Analysts at Lipper cited "sluggish economic growth" as well as dwindling consumer confidence figures and the possibility of a U.S. invasion of Iraq as potential confidence spoilers.

The report also said that controversies among regulators in the wake of accounting scandals on Wall Street continue to undermine investors' confidence. The resignation of Securities and Exchange Commission Chairman Harvey Pitt certainly can't help.

Until those matters are resolved, Lipper analysts said, the outlook will amount to a "tug of war between equity and bond markets as wounded investors seek to minimize additional loses and squeak out some gains."

"The sharp rally, which is typical off the bottom in a major bear market end, is a good thing for investors," said Lipper analyst Don Cassidy. "It sort of takes the mental pressure off, but I don't think it's going to encourage them in the near term to become aggressive equity investors. I think it's going to take time to heal the wounds--and probably a couple of hundred points on the Dow--for them to start believing again."

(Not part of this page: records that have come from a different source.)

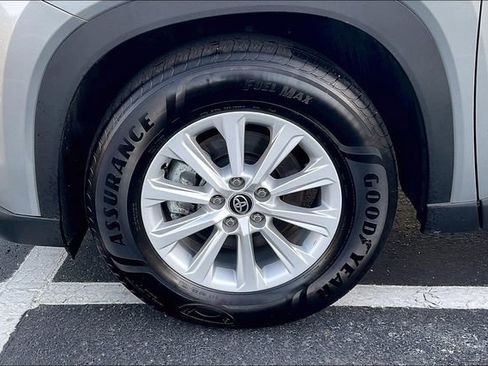 Used 2024 Toyota Grand Highlander AWD image 9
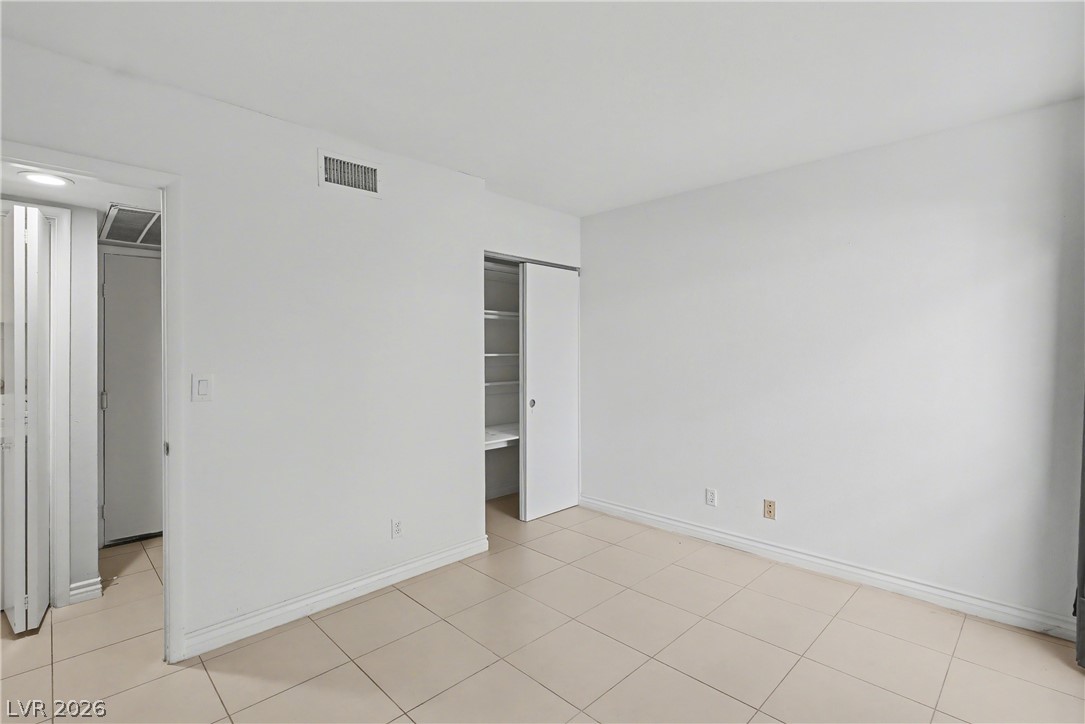 5620 Roseridge Avenue Las Vegas NV 89107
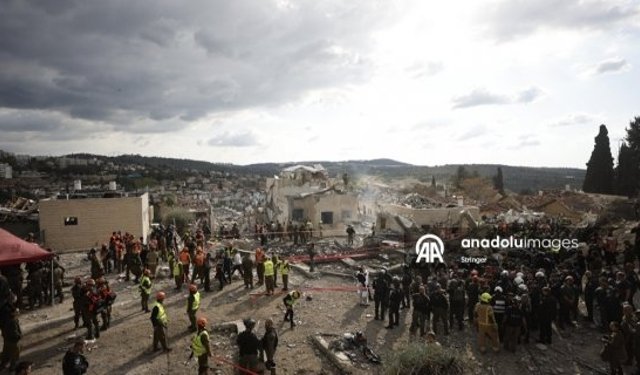 Görüntüler İsrail'den! Füze yağınca sığınakta hüngür hüngür ağladılar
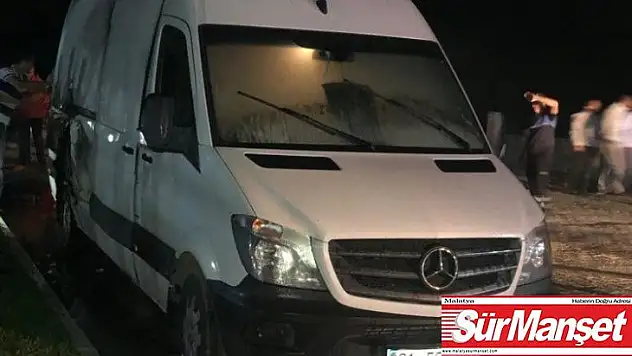 İrem Derici konseri sonunda havai fişek arabasında patlama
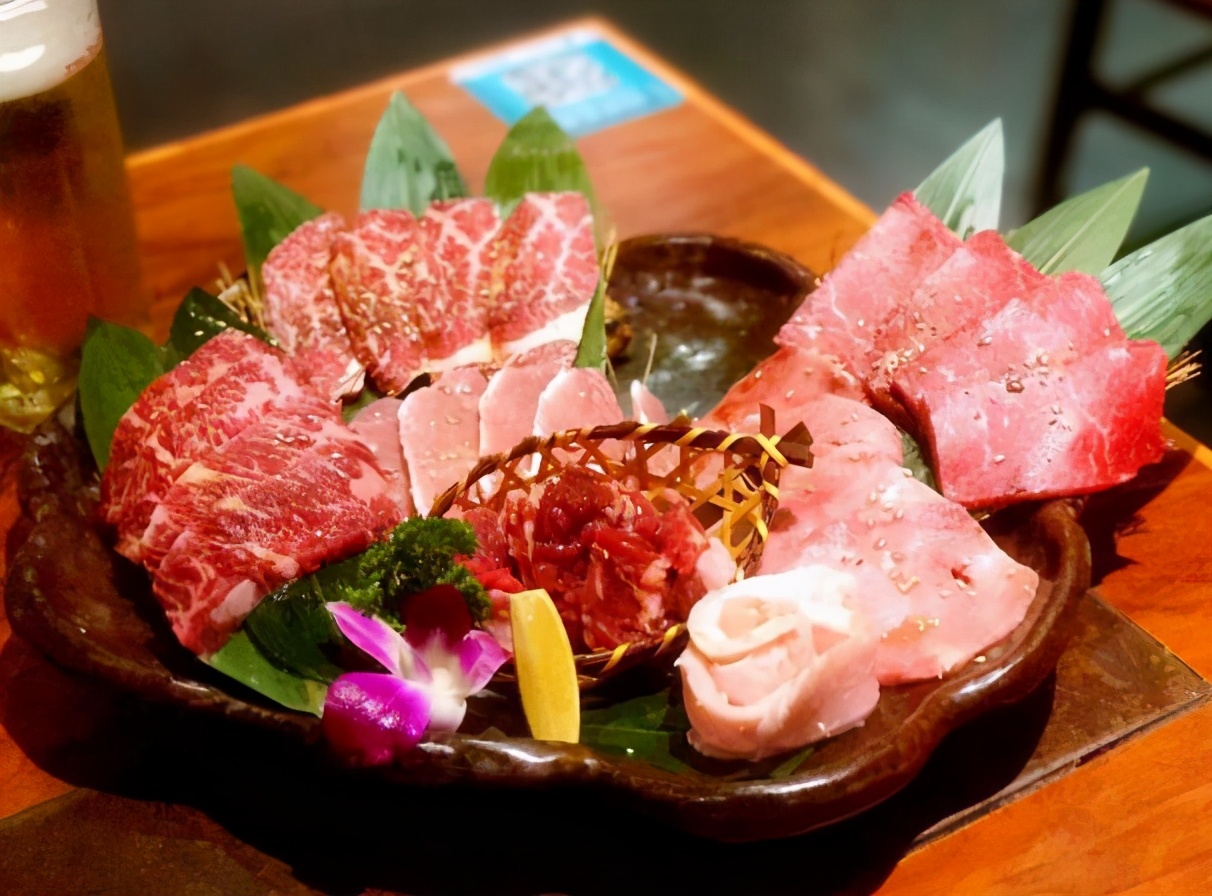 总吃肉和不吃肉的人,哪个更健康?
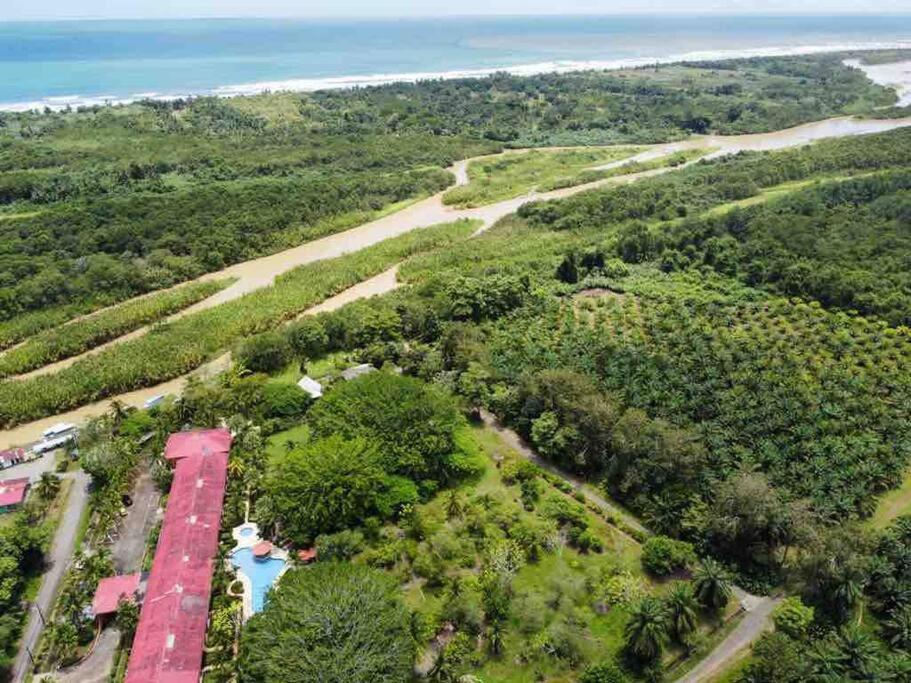 Lovely 2-bdroom In Laguna Eco Village Apartment *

Russ Kinnel, the director of fund research at Morningstar, said that the markets' downward trend will take months to reverse. "One month alone will not take us back into flows like we saw in 2000 and 1999," he said.

But he said a string of months during which funds post gains will likely attract investors back to equity products. "A few months like this might be enough to stave off some outflows," he said. "It may not be until you see nice, positive 12-month returns in the big sectors and the big funds that you really see strong inflows."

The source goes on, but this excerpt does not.